- [Provided data]
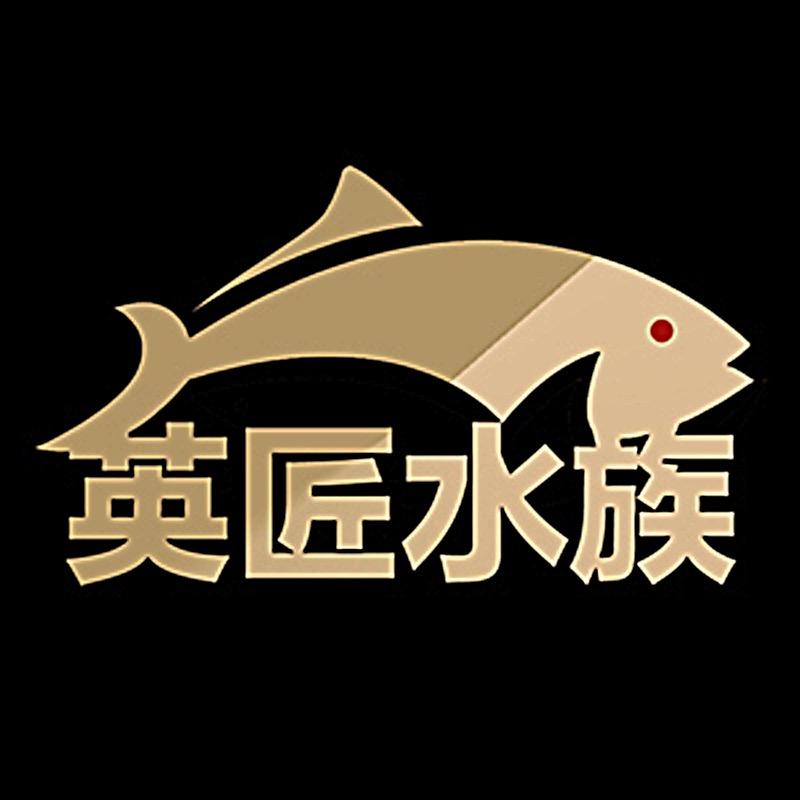 小馋喵水族馆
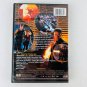 Universal Soldier - The Return DVD Jean-Claude Van Damme, Bill Goldberg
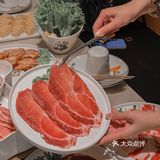99元实现烤肉自由，我没听错吧⁉️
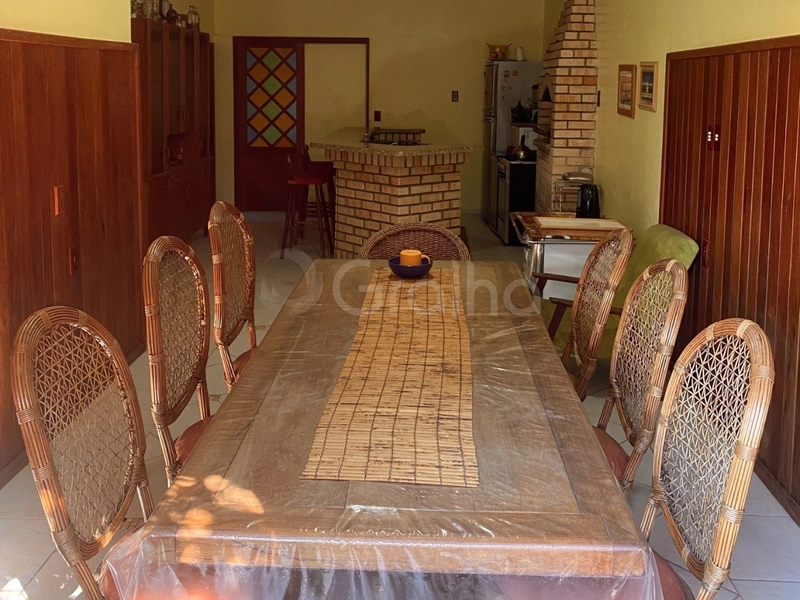 null: 14ª foto da galeria de imagens do imóvel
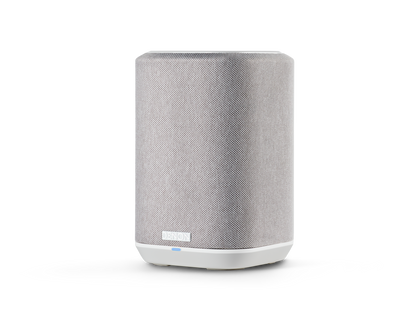 Denon Home 150 NV Compact Speaker Powered by HEOS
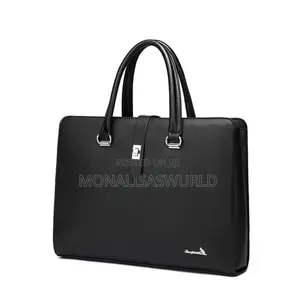 Quality Laptop Bag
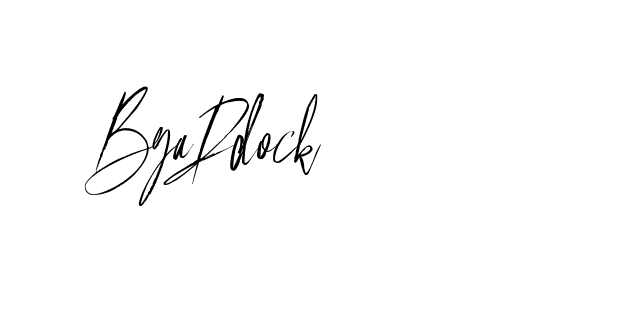 The best way (Buffalosignature-x3xDK) to make a short signature is to pick only two or three words in your name. The name Ceard include a total of six letters. For converting this name. Ceard signature style 2 images and pictures png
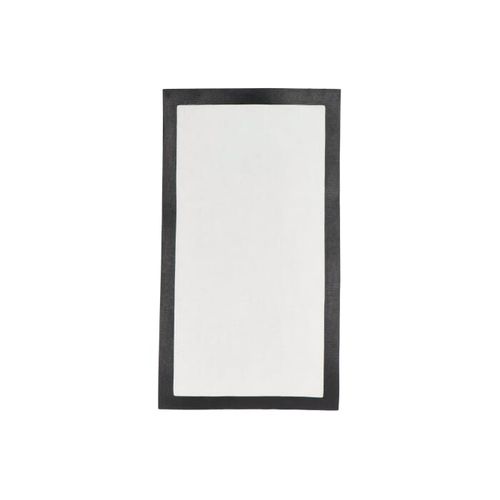 Tapis de bar en sublimation 44 x 25 cm - 4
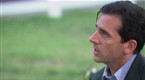 The Office: Dunder-Mifflin Infinity, Part Two (season 4, episode 2)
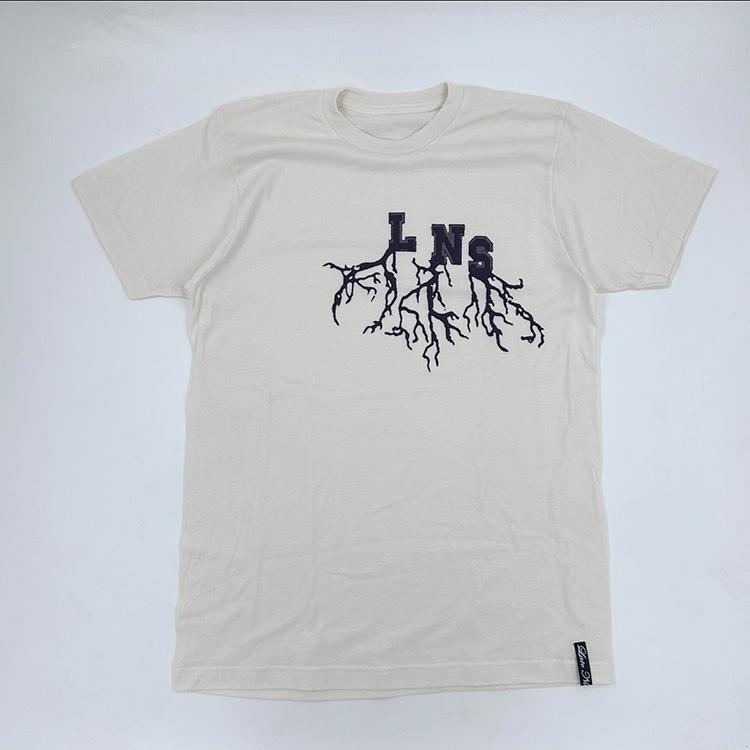 Roots T Shirt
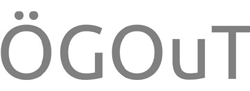 ÖGOut Logo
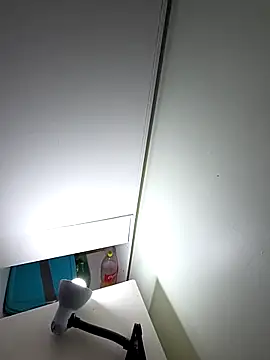 GtbaCd Webcamshow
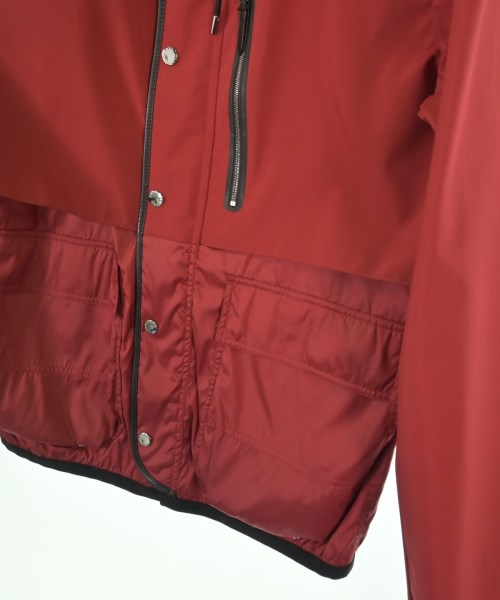 LOUIS VUITTON แจ็คเก็ตเบลาส์ อื่น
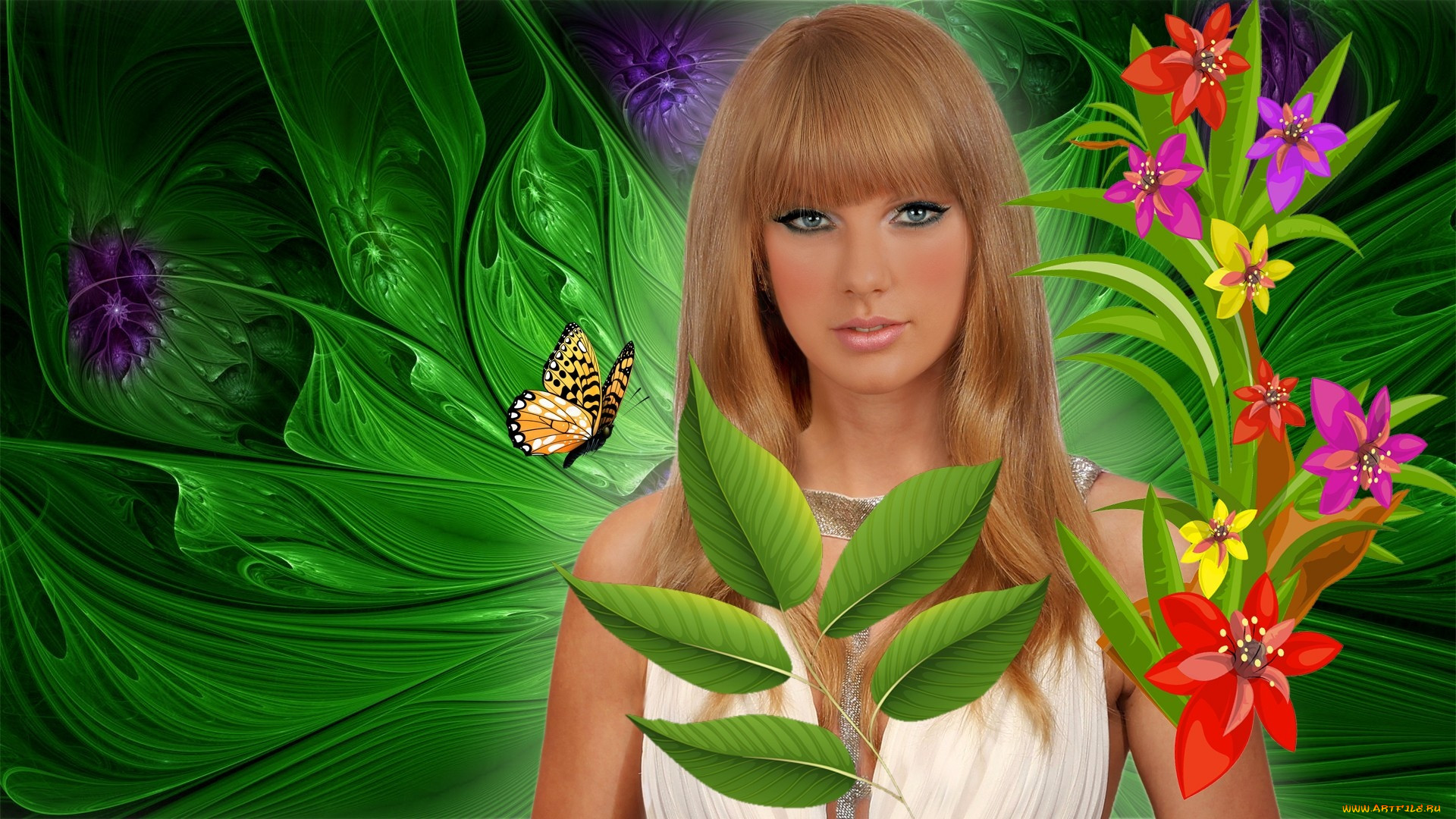 , taylor swift, , , 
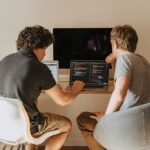 AI jobs in USA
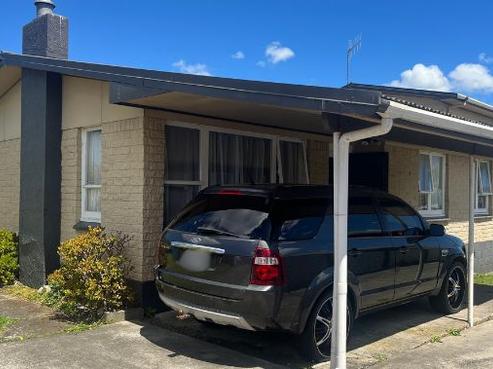 5 Blencowe Street, Kaitaia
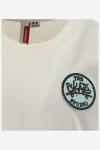 Vingino T-shirt Hanyi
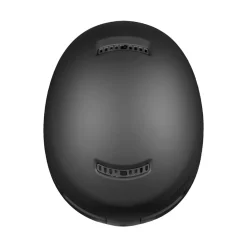 Promuter Mips Helmet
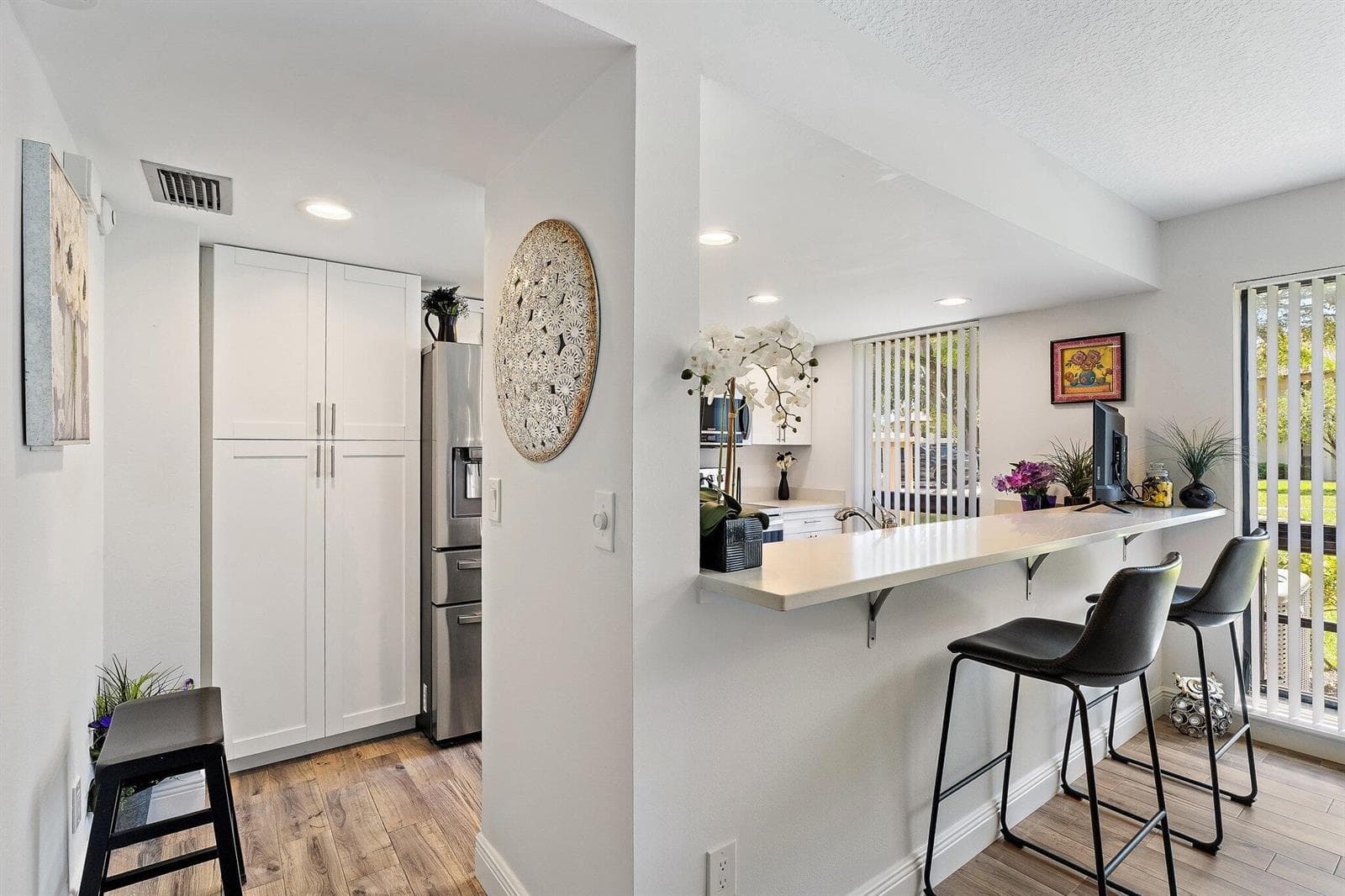 016-128BrackenwoodRd-PalmBeachGardens-SM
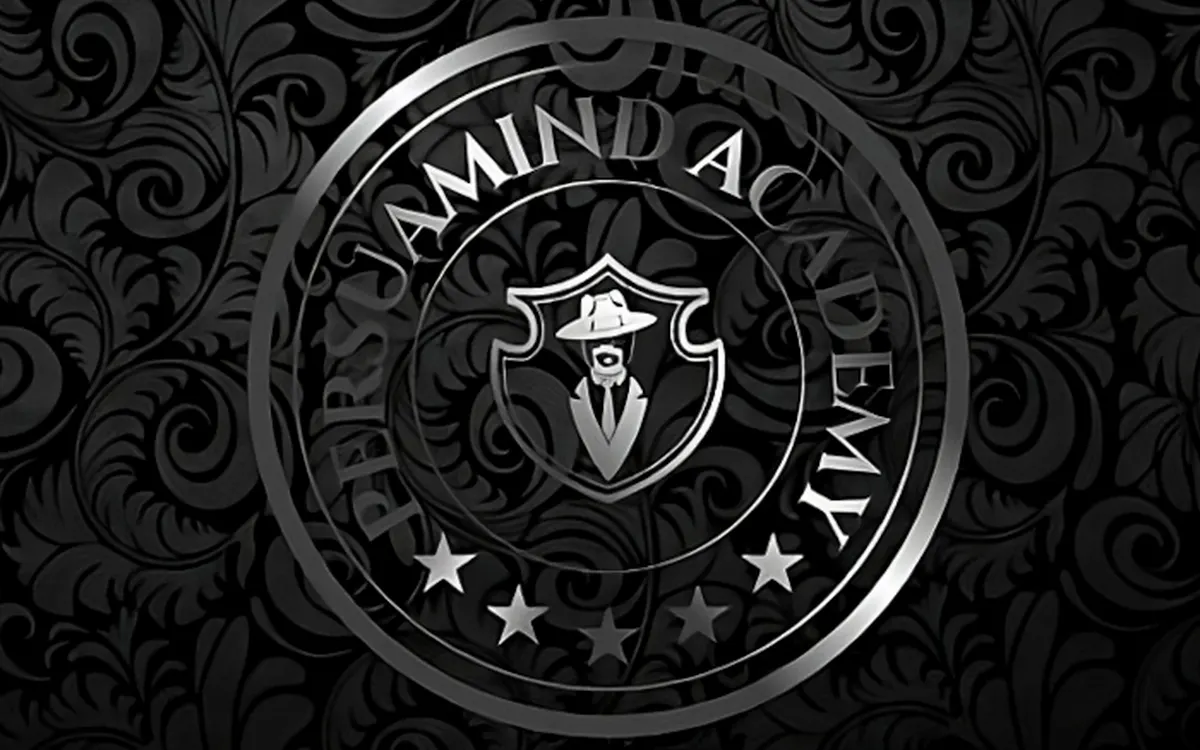 Download Persuamind Academy – Maurizio Romano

- [Aim of the task] What you return must match, character for character, the lines above from the one with "The best way" through the one with "AI jobs in USA", minus any pictures.

- [Answer to the problem]
 The best way (Buffalosignature-x3xDK) to make a short signature is to pick only two or three words in your name. The name Ceard include a total of six letters. For converting this name. Ceard signature style 2 images and pictures png
 Tapis de bar en sublimation 44 x 25 cm - 4
 The Office: Dunder-Mifflin Infinity, Part Two (season 4, episode 2)
 Roots T Shirt
 ÖGOut Logo
 GtbaCd Webcamshow
 LOUIS VUITTON แจ็คเก็ตเบลาส์ อื่น
 , taylor swift, , , 
 AI jobs in USA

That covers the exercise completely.